◆ **Task instructions**
What is needed is an exact copy of the lines in the entries below from the one holding "Colorful luggage tag" through the one holding "Creedence Clearwater Revival", pictures excluded.

--- Exercise inputs ---

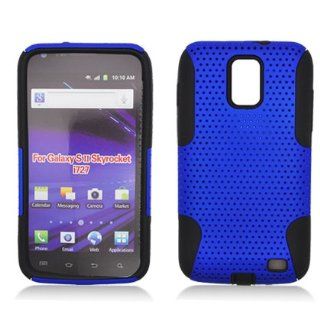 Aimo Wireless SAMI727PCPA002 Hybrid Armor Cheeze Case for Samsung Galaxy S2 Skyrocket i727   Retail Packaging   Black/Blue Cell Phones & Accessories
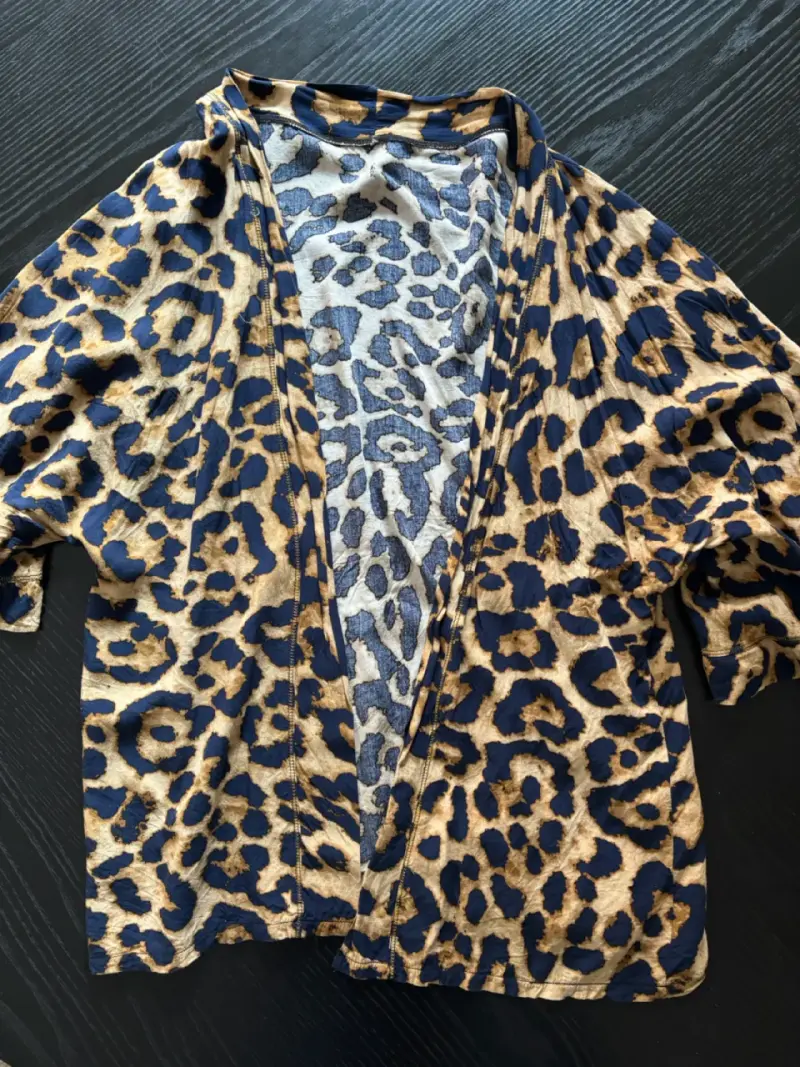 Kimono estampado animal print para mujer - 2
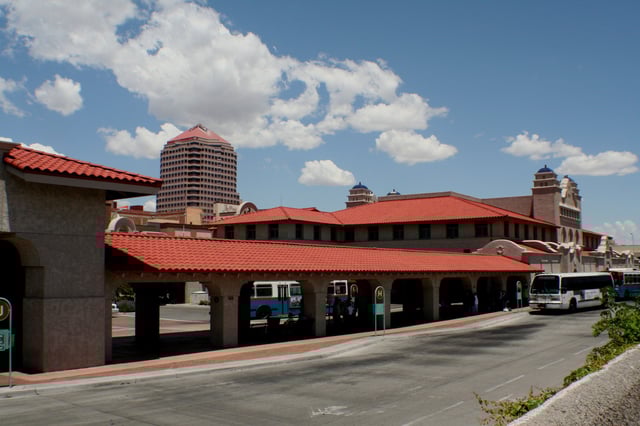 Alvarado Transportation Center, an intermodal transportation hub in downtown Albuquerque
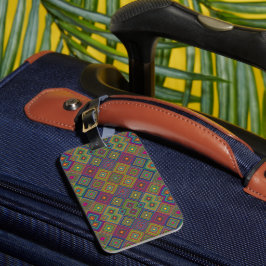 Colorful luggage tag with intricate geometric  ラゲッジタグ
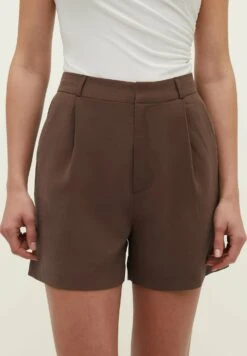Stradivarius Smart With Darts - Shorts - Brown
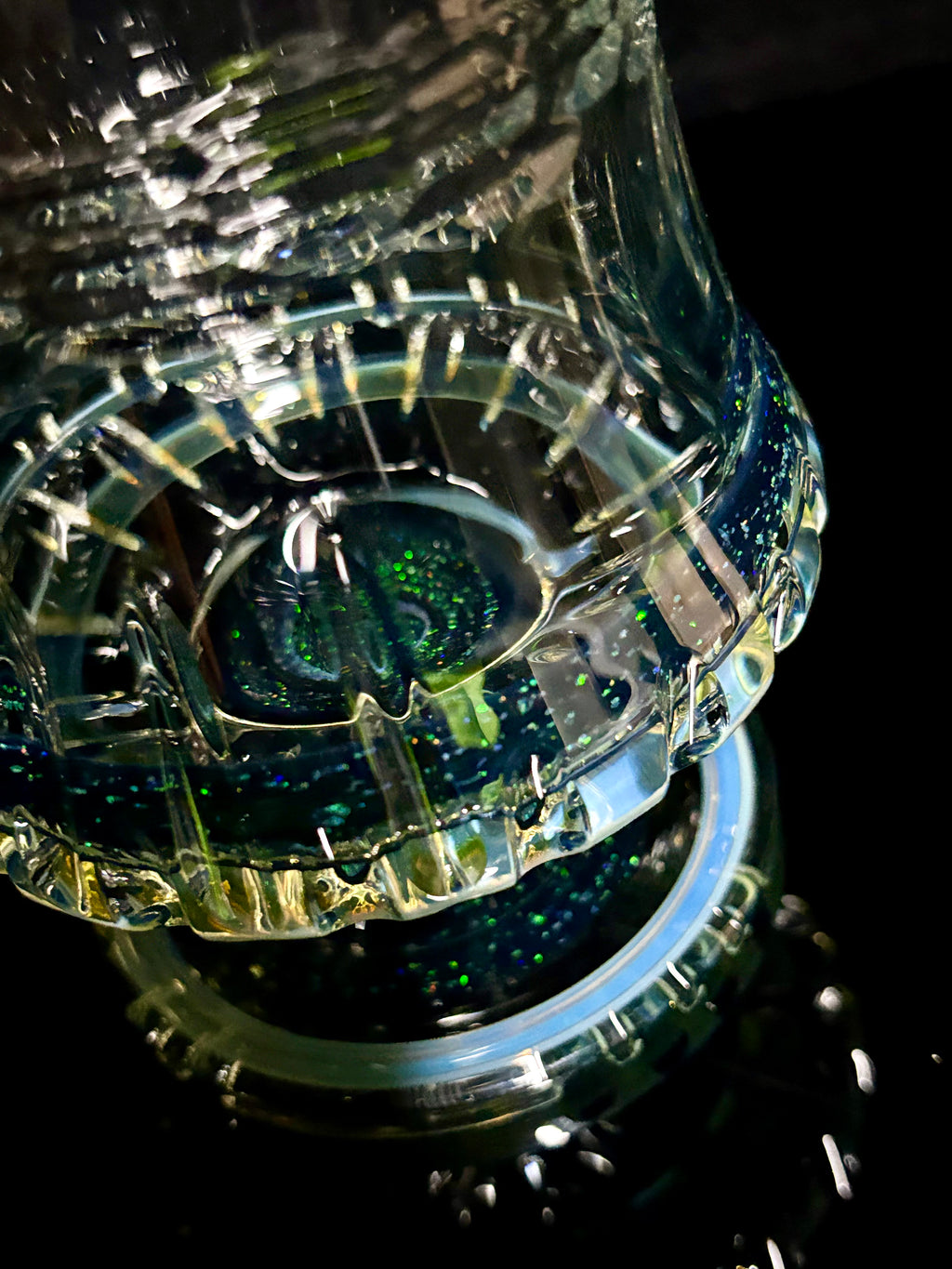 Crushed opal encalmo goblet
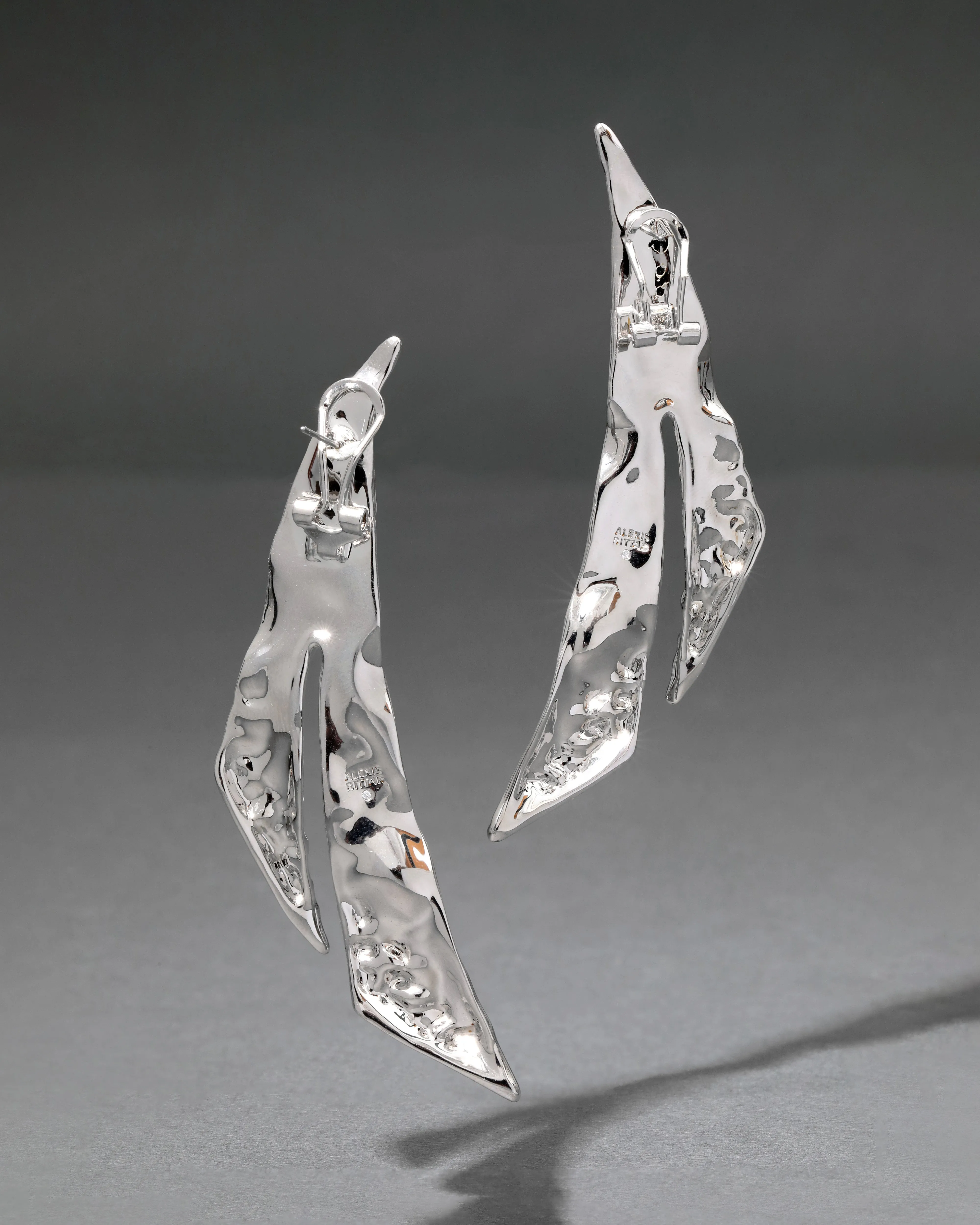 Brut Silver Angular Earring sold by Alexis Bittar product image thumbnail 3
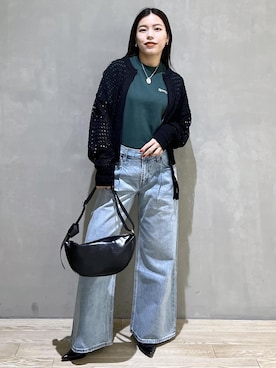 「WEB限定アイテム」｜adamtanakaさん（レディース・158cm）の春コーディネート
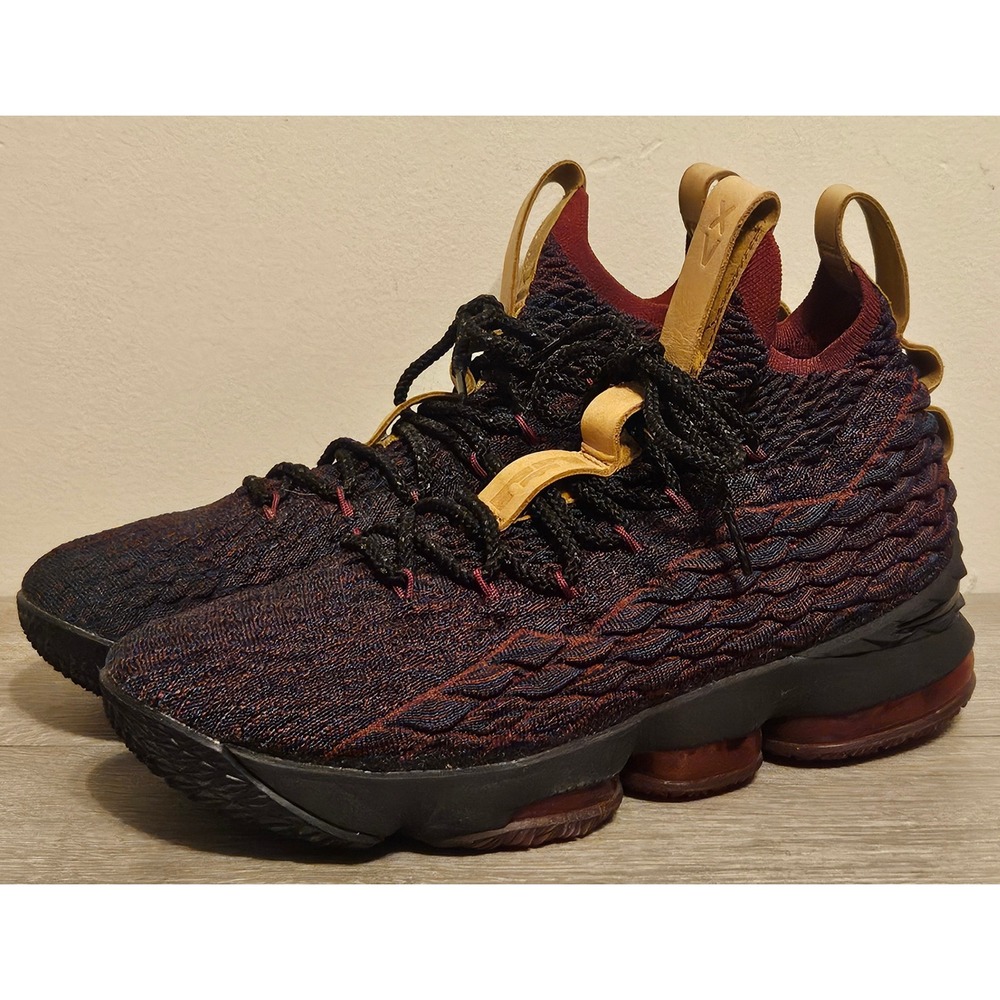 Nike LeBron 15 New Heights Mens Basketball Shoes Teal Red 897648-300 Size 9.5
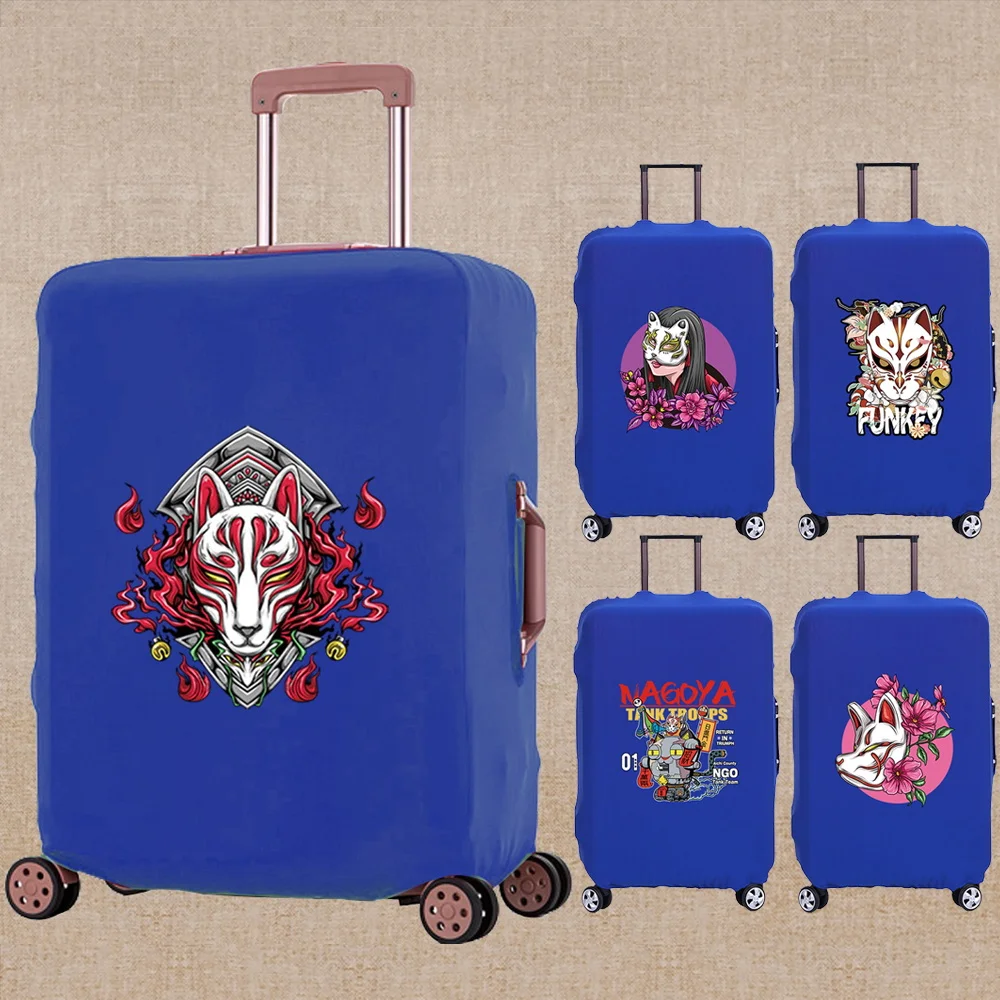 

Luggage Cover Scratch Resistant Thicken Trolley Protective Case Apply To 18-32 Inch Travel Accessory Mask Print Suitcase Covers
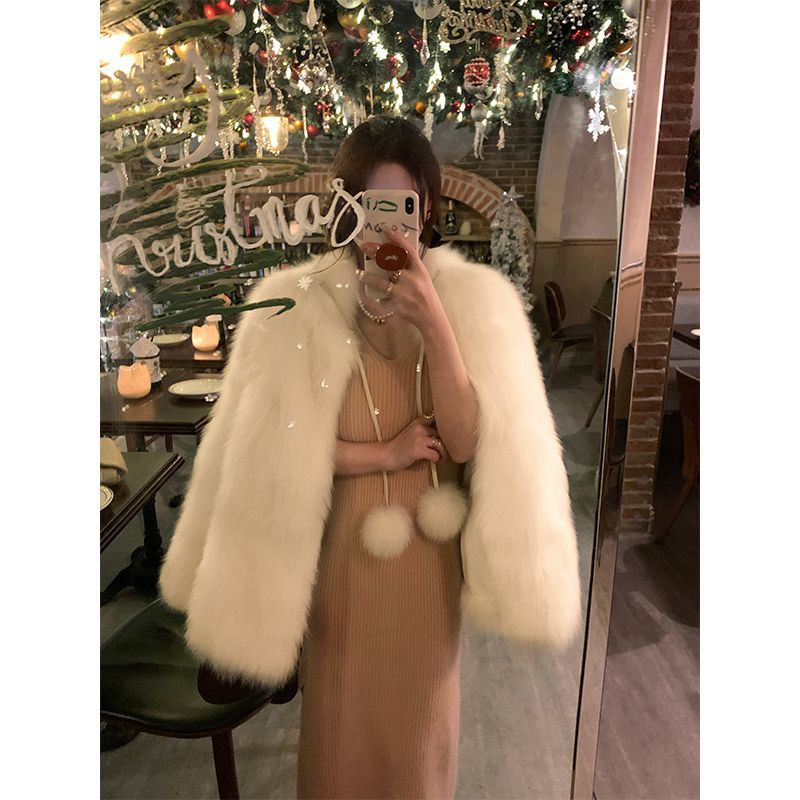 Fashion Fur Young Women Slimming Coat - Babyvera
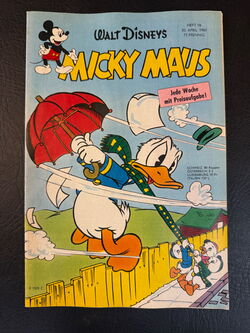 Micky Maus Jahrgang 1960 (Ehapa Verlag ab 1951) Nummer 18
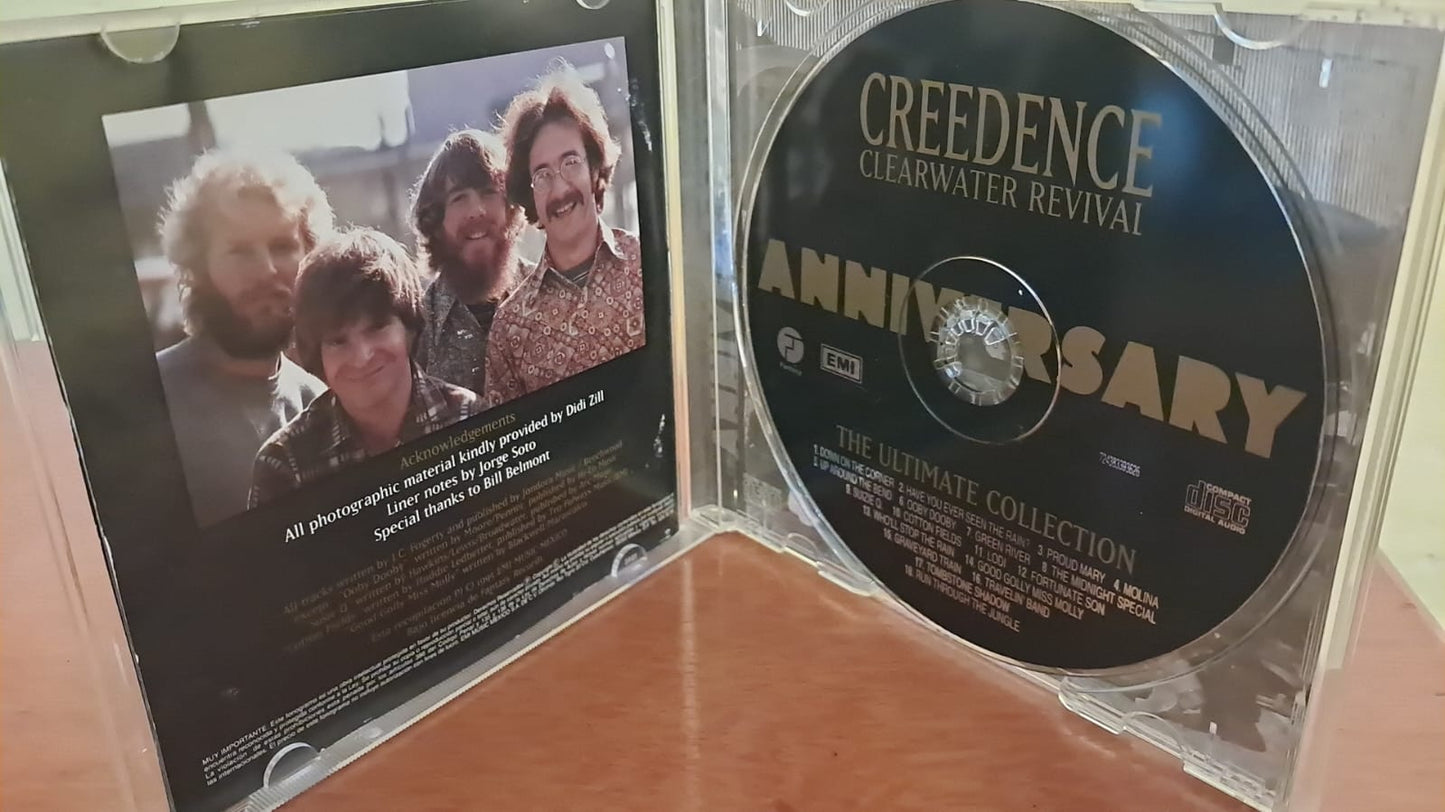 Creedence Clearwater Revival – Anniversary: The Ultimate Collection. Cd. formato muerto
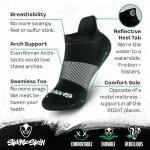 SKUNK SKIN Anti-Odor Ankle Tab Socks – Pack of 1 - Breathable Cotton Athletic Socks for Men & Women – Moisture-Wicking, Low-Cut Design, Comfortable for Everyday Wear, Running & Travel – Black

---

◆ **Solution to the problem**
 Colorful luggage tag with intricate geometric  ラゲッジタグ
Stradivarius Smart With Darts - Shorts - Brown
 Crushed opal encalmo goblet
 Brut Silver Angular Earring sold by Alexis Bittar product image thumbnail 3
 「WEB限定アイテム」｜adamtanakaさん（レディース・158cm）の春コーディネート
 Nike LeBron 15 New Heights Mens Basketball Shoes Teal Red 897648-300 Size 9.5

Luggage Cover Scratch Resistant Thicken Trolley Protective Case Apply To 18-32 Inch Travel Accessory Mask Print Suitcase Covers
 Fashion Fur Young Women Slimming Coat - Babyvera
 Micky Maus Jahrgang 1960 (Ehapa Verlag ab 1951) Nummer 18
 Creedence Clearwater Revival – Anniversary: The Ultimate Collection. Cd. formato muerto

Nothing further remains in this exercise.